A scenic, unspoiled site might seem an unequivocal asset in designing a vacation home. But Wyoming’s Wapiti Valley, the mountain-rimmed 50-mile run of the North Fork Shoshone River east of Yellowstone National Park, could intimidate even the most self-assured architect. The grandeur and openness of the landscape tends to make buildings look like toys, and the region’s harsh weather can make them feel equally insubstantial. Both aesthetically and literally, says architect Brett Nave, “you’re on your own out there.” But Nave, with then-partner Lori Ryker, rose to the challenge, producing an idiosyncratic, impressionistic house that becomes part of this magnificent setting without disappearing into it.

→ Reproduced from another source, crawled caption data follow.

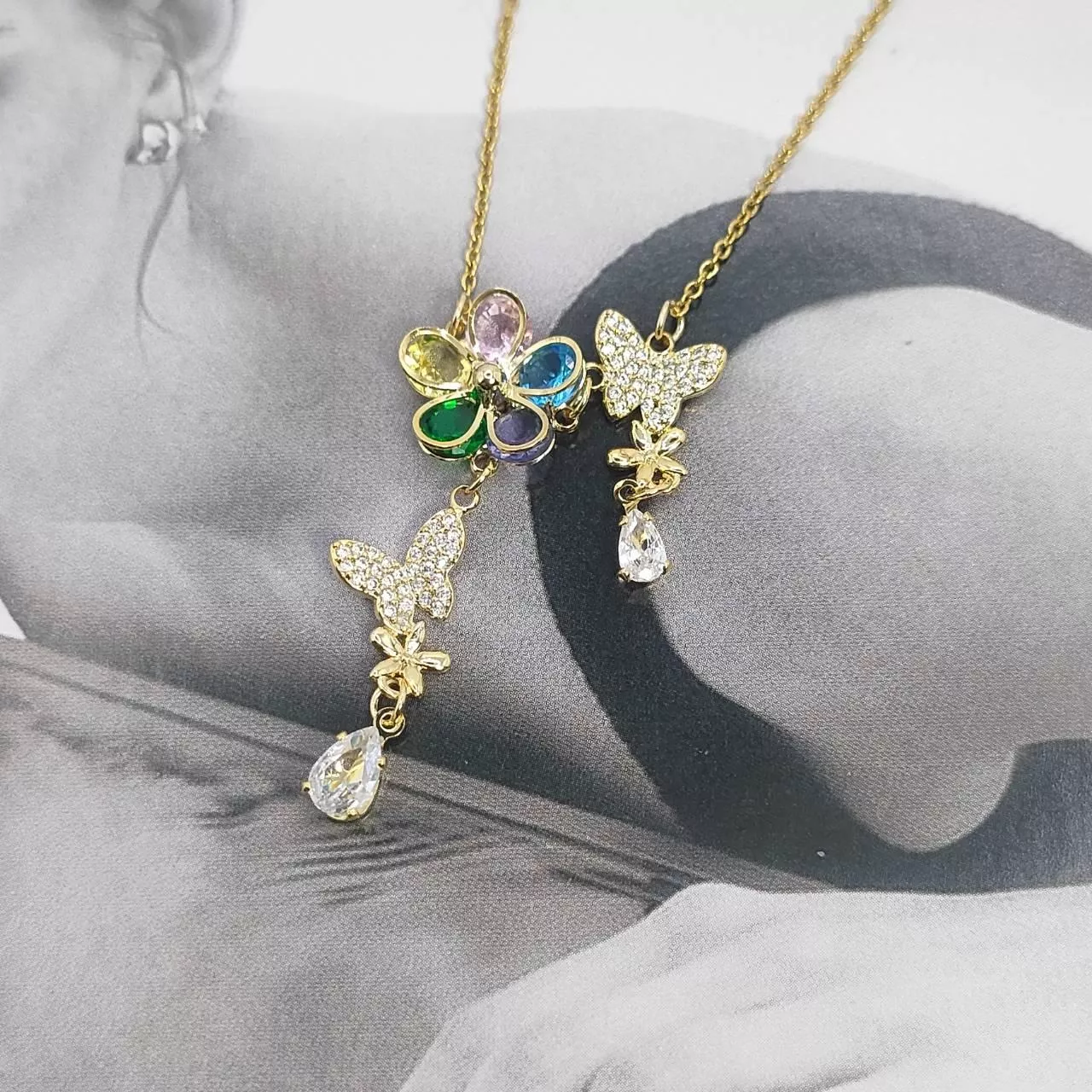 項鍊-繁花似錦 彩色花朵蝴蝶鋯石鎖骨鍊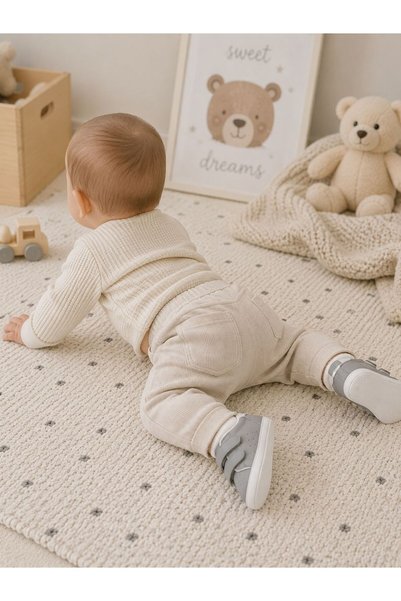 Che Sara Baby First Step Shoes Orthopedic Non-Slip Sole Daily Use Velcro Pins Model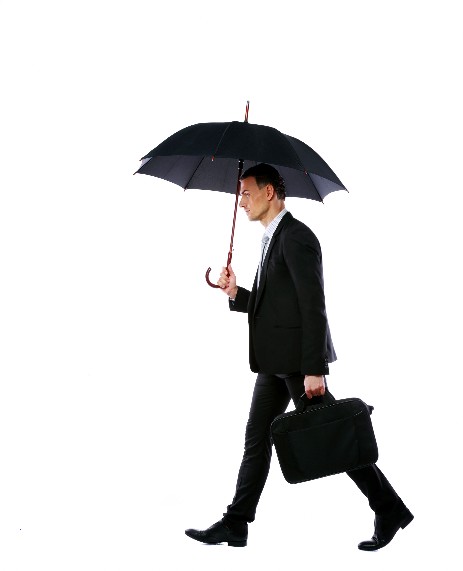 Mann mit Regenschirm auf dem weg zu einer Praxis für Psychotherapie Darmstadt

Nave’s Los Angeles–based clients presented an unusually open-ended program, specifying mainly that the house face away from the highway that borders their 120-acre property and toward the hills where they hike and ride horses. “It’s wild for miles and miles and miles to the north,” Nave says. “It’s elk and bears and wolves; that’s it.” Given the house’s exposure, Nave adopted something of a split-screen view, “designing the way it looks from a distance, but how it feels from standing right there.” The floor plan stretches along an east-west axis, bookending a central great room with a master suite to the west and a secondary bedroom suite to the east. A freestanding private gym extends the axis toward the east; a guest suite stands off to the south. The layout is intentionally simple, Nave explains. “There’s this constant flow from one end to the other.”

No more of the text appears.